Mimi Herman

2017 Piedmont Laureate, Poetry

“How can I know what I mean until I see what I say?” E. M. Forster once said. I believe we can do this best by writing. Write a draft. See what you’re trying to say to yourself. Play with the sound and language of it. Say it better, so it’s not just you talking to yourself, but you sharing what’s in your head and heart with other people in a way that inspires them to say, “That’s exactly what I felt. I just hadn’t figured out how to say it.”

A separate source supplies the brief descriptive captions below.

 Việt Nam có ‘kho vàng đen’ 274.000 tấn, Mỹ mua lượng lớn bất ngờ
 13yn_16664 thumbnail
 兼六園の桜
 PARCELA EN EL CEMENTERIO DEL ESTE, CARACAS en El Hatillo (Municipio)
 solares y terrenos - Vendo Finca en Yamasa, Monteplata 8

Mimi Herman in YosemiteMimi Herman is a Kennedy Center teaching artist, director of the United Arts Council Arts Integration Institute, and a writer and editor. Since 1990, she has engaged over 25,000 students in writing residencies, as well as designing and providing professional development in arts integration for teaching artists, teachers and administrators throughout the country. She has taught in the Masters of Education and EdD programs at Lesley University and has been an associate editor for Teaching Artist Journal. Mimi holds a BA from UNC-CH and an MFA in Creative Writing from Warren Wilson College, and is the author of Logophilia and The Art of Learning. Her writing has appeared in Michigan Quarterly Review, Shenandoah, Crab Orchard Review, The Hollins Critic, Main Street Rag, Prime Number Magazine and other journals. She has performed her poetry and fiction at venues ranging from Why There Are Words in Sausalito, California to Symphony Space in New York City. With her partner, John Yewell, she offers Writeaways writing retreats for writers in France, Italy and North Carolina. You can find her at http://www.mimiherman.com and at http://www.writeaways.com.

REFLECTIONS

On education and the arts:

In recent years, we in North Carolina have been particularly focused on excellence in education. We want the best for our children. We want to keep them in school and help them learn the most they can. And as we test new possibilities, we’re discovering what we’ve suspected all along: the arts are essential to our students’ education. At one point in time, we thought of arts as extras the power locks and automatic windows on the vehicle of education. But now we’re seeing that the arts are the engine that drives the car. Students get out of bed in the morning excited to be going to school where they’ll be sculpting, dancing, painting, singing, acting and writing. Some students, for the first time in their lives, are discovering that they want to learn. Education is about a lot of things: creating good citizens, opening students’ minds, helping us learn more about the world in which we live, passing on our heritage…. Arts programs have real effects in the real world. They use the resources of dedicated artists, educators and arts organizations, together with the talents and intelligence found in every student in every school in our state. They enable students to experience the joy of the creative process while reinforcing learning in other curriculum areas: language arts, math, social studies, science, physical education.